Unnamed: 0,day,month,year,hits,page_views,time_on_site,hour,minute,device,sub_continent,country,product_category,product_name,product_price,add_to_cart
0,30,11,2016,17,13,297,23,55,desktop,South America,Peru,Home/Shop by Brand/Google,Google Men's 100% Cotton Short Sleeve Hero Tee...,16.99,0
1,30,11,2016,17,13,297,23,58,desktop,South America,Peru,Home/Electronics,Google Device Holder Sticky Pad,4.99,0
2,30,11,2016,17,13,297,23,58,desktop,South America,Peru,Home/Electronics/Electronics Accessories,Grip Kit Cable Organizer,16.99,0
3,30,11,2016,17,13,297,23,58,desktop,South America,Peru,Home/Electronics,Electronics Accessory Pouch,4.99,0
4,30,11,2016,17,13,297,23,56,desktop,South America,Peru,Home/Apparel/Men's,Google Men's Watershed Full Zip Hoodie Grey,109.99,0


In [5]:
X = final_df.drop(['add_to_cart'], axis=1)
y = final_df['add_to_cart']

total_chunks = 10

# Define the size of each chunk
chunk_size = len(final_df) // total_chunks

# Initialize lists to store the chunked data
X_chunks_train = []
y_chunks_train = []

# Split the dataset into chunks
for i in range(total_chunks):
    start_index = i * chunk_size
    end_index = start_index + chunk_size if i < total_chunks - 1 else None
    
    # Extract the chunk of data
    X_chunk = X.iloc[start_index:end_index]
    y_chunk = y.iloc[start_index:end_index]
    
    # Split the chunk into train and test sets
    X_train_chunk, X_temp_chunk, y_train_chunk, y_temp_chunk = train_test_split(X_chunk, y_chunk, test_size=0.3, random_state=5)
    X_val_chunk, X_test_chunk, y_val_chunk, y_test_chunk = train_test_split(X_temp_chunk, y_temp_chunk, test_size=0.5, random_state=5)
    
    # Store the chunked data
    X_chunks_train.append(X_train_chunk)
    y_chunks_train.append(y_train_chunk)

# X_train, X_temp, y_train, y_temp = train_test_split(X, y, test_size=0.3, random_state=5)

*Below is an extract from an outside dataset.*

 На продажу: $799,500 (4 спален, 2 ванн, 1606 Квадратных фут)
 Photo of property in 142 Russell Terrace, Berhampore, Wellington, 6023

# X_val, X_test, y_val, y_test = train_test_split(X_temp, y_temp, test_size=0.5, random_state=5)

In [6]:
categorical_columns = ['device', 'sub_continent', 'country', 'product_category', 'product_name']
numeric_columns = ['day', 'month', 'year', 'hits', 'page_views', 'time_on_site', 'hour', 'minute', 'product_price']

In [7]:
numerical_pipe = Pipeline(steps=[
    ('normalizer', StandardScaler())
])

In [8]:
categorical_pipe = Pipeline(steps=[
    ('one-hot', OneHotEncoder(handle_unknown='ignore'))
])

In [9]:
preprocessor = ColumnTransformer(
    transformers=[
        ('num', numerical_pipe, numeric_columns),
        ('cat', categorical_pipe, categorical_columns)
    ])

In [10]:
model = KNeighborsClassifier()

In [11]:
model_pipeline = Pipeline(steps=[('preprocessor', preprocessor),
                              ('model', model)
                                ])

In [12]:
models = []

# Train a model on each chunk and store it
for X_chunk, y_chunk in zip(X_chunks_train, y_chunks_train):
    model_pipeline.fit(X_chunk, y_chunk)
    models.append(model_pipeline)

# Evaluate the models on the validation set
validation_scores = []
for model in models:
    val_accuracy = model.score(X_val_chunk, y_val_chunk)
    validation_scores.append(val_accuracy)

In [13]:
average_validation_accuracy = sum(validation_scores) / len(validation_scores)
print("Average Validation Accuracy:", average_validation_accuracy)

Average Validation Accuracy: 0.99331644477982


In [17]:
model_2 = SVC()

In [18]:
model_pipeline = Pipeline(steps=[('preprocessor', preprocessor),
                              ('model', model_2)
                                ])

In [19]:
models = []

# Train a model on each chunk and store it
for X_chunk, y_chunk in zip(X_chunks_train, y_chunks_train):
    model_pipeline.fit(X_chunk, y_chunk)
    models.append(model_pipeline)

# Evaluate the models on the validation set
validation_scores = []
for model in models:
    val_accuracy = model.score(X_val_chunk, y_val_chunk)
    validation_scores.append(val_accuracy)

In [20]:
average_validation_accuracy = sum(validation_scores) / len(validation_scores)
print("Average Validation Accuracy:", average_validation_accuracy)

Average Validation Accuracy: 0.9939093408074167


In [21]:
model_3 = DecisionTreeClassifier()

In [22]:
model_pipeline = Pipeline(steps=[('preprocessor', preprocessor),
                              ('model', model_3)
                                ])

In [23]:
models = []

# Train a model on each chunk and store it
for X_chunk, y_chunk in zip(X_chunks_train, y_chunks_train):
    model_pipeline.fit(X_chunk, y_chunk)
    models.append(model_pipeline)

# Evaluate the models on the validation set
validation_scores = []
for model in models:
    val_accuracy = model.score(X_val_chunk, y_val_chunk)
    validation_scores.append(val_accuracy)

In [24]:
average_validation_accuracy = sum(validation_scores) / len(validation_scores)
print("Average Validation Accuracy:", average_validation_accuracy)

Average Validation Accuracy: 0.9930469465854579